Would you transcribe word for word every line from the one containing "Human Hair 4X4" to the end of the data, both ends included, and leave out the rest?
--------------------------------------------------
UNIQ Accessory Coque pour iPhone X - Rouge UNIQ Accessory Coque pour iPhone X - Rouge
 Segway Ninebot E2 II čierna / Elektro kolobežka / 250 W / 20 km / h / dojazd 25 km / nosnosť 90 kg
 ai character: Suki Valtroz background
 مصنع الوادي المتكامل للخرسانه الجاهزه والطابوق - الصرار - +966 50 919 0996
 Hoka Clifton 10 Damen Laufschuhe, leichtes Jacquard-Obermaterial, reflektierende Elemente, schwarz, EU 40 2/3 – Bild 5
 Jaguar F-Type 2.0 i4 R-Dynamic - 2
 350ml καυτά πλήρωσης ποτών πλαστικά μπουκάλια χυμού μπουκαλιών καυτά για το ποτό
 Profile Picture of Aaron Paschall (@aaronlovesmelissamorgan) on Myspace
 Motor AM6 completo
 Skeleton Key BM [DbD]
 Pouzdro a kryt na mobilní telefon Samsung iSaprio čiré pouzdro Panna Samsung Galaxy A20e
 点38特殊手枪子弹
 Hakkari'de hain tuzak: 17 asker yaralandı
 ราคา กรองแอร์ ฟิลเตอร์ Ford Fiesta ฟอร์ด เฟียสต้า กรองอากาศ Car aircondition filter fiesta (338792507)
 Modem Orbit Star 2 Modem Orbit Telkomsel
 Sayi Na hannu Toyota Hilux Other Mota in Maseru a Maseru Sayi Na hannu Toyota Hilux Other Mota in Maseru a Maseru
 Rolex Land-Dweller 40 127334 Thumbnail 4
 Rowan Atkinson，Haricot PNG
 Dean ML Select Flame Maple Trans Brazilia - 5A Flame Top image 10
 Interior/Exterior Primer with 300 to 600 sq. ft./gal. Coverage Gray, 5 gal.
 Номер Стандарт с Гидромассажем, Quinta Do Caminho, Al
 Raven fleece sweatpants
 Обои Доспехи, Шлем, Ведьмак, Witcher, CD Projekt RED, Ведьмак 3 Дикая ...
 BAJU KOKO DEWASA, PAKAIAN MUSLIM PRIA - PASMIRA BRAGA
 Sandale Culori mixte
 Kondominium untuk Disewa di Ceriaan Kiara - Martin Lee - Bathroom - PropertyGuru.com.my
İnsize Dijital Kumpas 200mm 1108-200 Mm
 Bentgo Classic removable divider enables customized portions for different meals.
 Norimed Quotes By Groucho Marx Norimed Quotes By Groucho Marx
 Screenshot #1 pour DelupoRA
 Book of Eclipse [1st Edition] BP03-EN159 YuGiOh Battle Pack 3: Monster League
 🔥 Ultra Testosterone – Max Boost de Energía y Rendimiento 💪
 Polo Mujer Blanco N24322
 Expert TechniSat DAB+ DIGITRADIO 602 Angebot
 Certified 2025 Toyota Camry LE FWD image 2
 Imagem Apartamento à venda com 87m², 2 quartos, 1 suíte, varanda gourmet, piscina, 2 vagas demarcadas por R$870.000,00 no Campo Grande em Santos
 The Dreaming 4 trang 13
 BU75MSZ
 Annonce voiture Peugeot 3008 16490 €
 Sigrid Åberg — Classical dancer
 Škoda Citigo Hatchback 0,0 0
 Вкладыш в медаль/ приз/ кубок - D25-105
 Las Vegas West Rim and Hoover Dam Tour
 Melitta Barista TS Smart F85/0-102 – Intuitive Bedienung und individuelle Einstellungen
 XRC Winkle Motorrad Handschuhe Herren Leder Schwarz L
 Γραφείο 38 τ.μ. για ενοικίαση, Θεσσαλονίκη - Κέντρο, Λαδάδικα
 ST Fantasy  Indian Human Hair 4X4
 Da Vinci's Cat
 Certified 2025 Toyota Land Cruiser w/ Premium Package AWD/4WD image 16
--------------------------------------------------
*TASK ANSWER*:
 ST Fantasy  Indian Human Hair 4X4
 Da Vinci's Cat
 Certified 2025 Toyota Land Cruiser w/ Premium Package AWD/4WD image 16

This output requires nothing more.